◆ **Instructions to follow**
The entire listing that follows must be repeated exactly, pictures excluded.

◆ **Material provided**
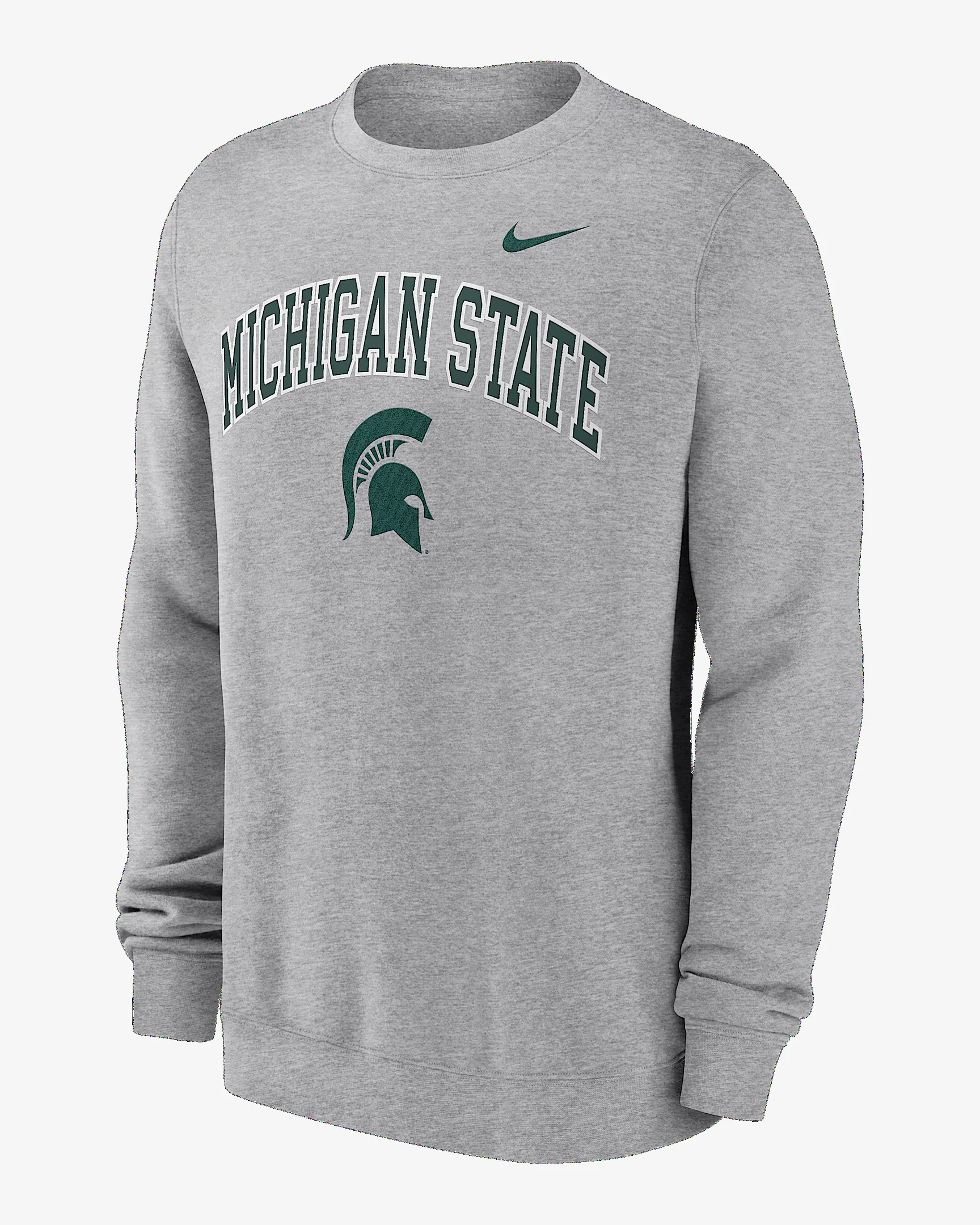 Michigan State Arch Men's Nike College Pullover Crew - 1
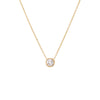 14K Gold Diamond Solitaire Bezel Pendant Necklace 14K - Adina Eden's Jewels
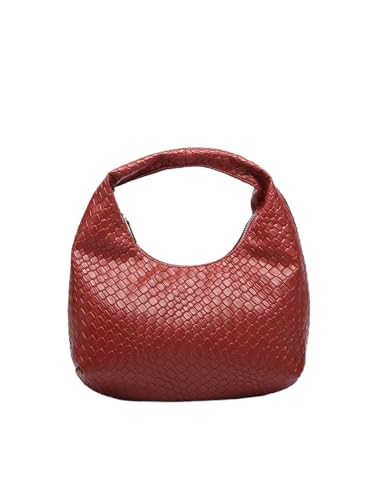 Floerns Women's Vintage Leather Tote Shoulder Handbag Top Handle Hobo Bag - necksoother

◆ **Written answer**
 Michigan State Arch Men's Nike College Pullover Crew - 1
 14K Gold Diamond Solitaire Bezel Pendant Necklace 14K - Adina Eden's Jewels
 Floerns Women's Vintage Leather Tote Shoulder Handbag Top Handle Hobo Bag - necksoother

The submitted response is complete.